Driving is not only hard work: it’s dangerous as well. Tony Barrell explains why he has never been a motorist

THE IDLER, 2004

I was about four when my mother asked me what sort of work I’d like to do when I was grown up. “I want to be an ordinary person and not work,” I replied. Up to that point, I sincerely believed that an altruistic section of society happily volunteered for all the physical and mental labour that makes the world go round, while “ordinary people” sat at home eating sweets and reading comics.

Around the same age, I noticed that some people drove cars, and others walked or caught the bus instead, so that was another way of dividing the population. Some people were drawn to the smell of leather upholstery and brake fluid and some weren’t. Then, one day, there came a realisation that brought my naïve world-view crashing to the ground. My dad, it suddenly occurred to me, was a reluctant driver. It simply never gave him that primal, gearshift-jerking Jeremy Clarkson thrill to take his red Austin for a spin. Dad was incapable of driving for pleasure: it was more like a job. In fact, he was obliged to drive because of his job, and – here’s the real shocker – he didn’t like his job much either.

I must be related, because I hate driving too. Driving is work. Every time you double-declutch, do “mirror, signal, manoeuvre” or use your skills to get onto a busy roundabout without crashing into a convoy of pushy BMWs, you are expending massive amounts of physical and mental energy just to get from A to B. And it counts as voluntary work, because you’re not getting paid for it. Moreover, if you’re driving purely to give somebody a lift – working for nothing to assist a fellow human being in need – that puts you in the same class as the Samaritans.

Even when your journey is going smoothly, you’re still working – steering, changing gear, accelerating and braking, watching out for bad drivers. You’re not allowed to drink or take drugs, or even read a good book. And when Something Quite Bad happens, as it does to every motorist – you get a puncture, your radiator overheats, a stone smashes your windscreen, the big end goes, or you run out of petrol 10 miles from the nearest service station – then your stress levels shoot way past the office-Monday maximum. If Something Very Bad Indeed happens – you have an accident – it could be the last anyone sees of you.

The social pressures to fondle a steering wheel and command an engine of your own are enormous, especially for men

 

I blame the industrial revolution. Ever since, as soon as some “labour-saving” device is invented – the spinning jenny, the Apple Macintosh – human beings end up working even harder than before to satisfy higher expectations of productivity. The development of the internal combustion engine must have made the world insane with joy.
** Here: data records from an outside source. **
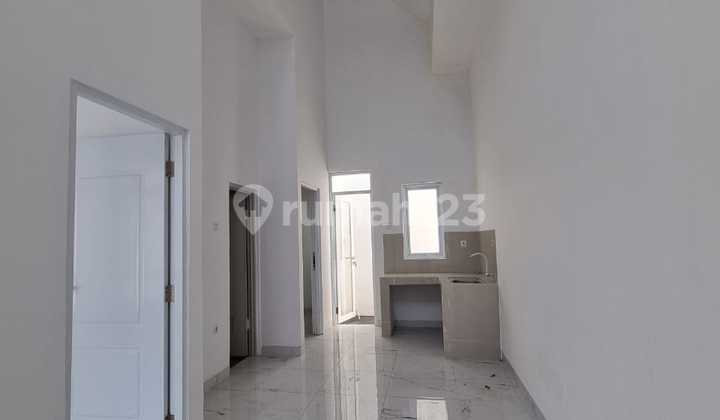 Di Jual Rumah Baru dan Bagus Siap Huni di Harapan Indah Di Jual Rumah Baru dan Bagus Siap Huni di Harapan Indah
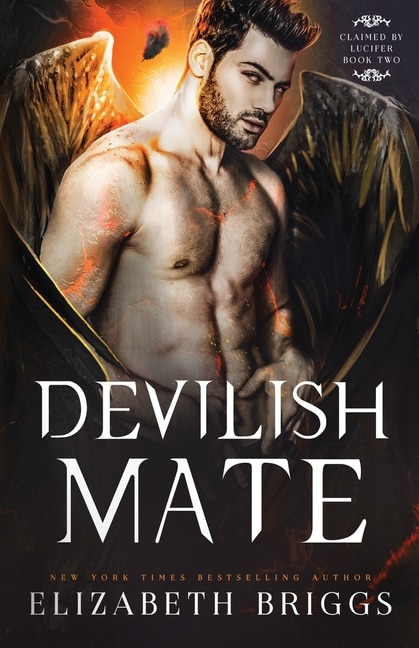Couverture_Devilish Mate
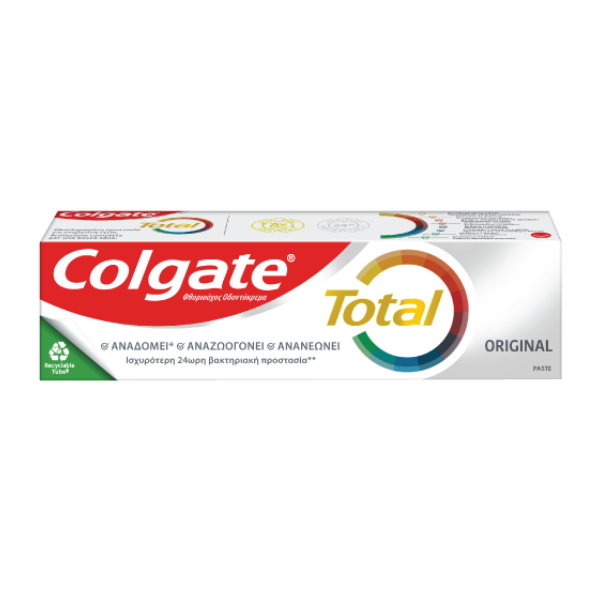 Colgate® Total®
How else could so many millions of civilised people have been persuaded to take endless intimidating lessons, pass a difficult exam and become unpaid self-chauffeurs, all for the privilege of shelling out a fortune on MOTs, spare parts, road tax and congestion charges?

The social pressures to fondle a steering wheel and command an engine of your own are enormous, especially for men. At most social gatherings, it would be less humiliating to announce that you’re having a sex change in order to roger your identical twin, than to confess that you don’t have a hot rod outside. But the idea that we all have to be road pilots, engineers and navigators as well as being writers, poets, musicians and artists is beyond absurd. Some of the nicest and most talented people are non-drivers – and motoring abstinence certainly isn’t a bar to fame. Stand up and be counted, Damien Hirst, Paul Heaton of the Beautiful South, and the gorgeous Shirley Manson of Garbage – unless you’ve all betrayed the cause and snuck off for a driving test while I wasn’t looking, you craven bastards.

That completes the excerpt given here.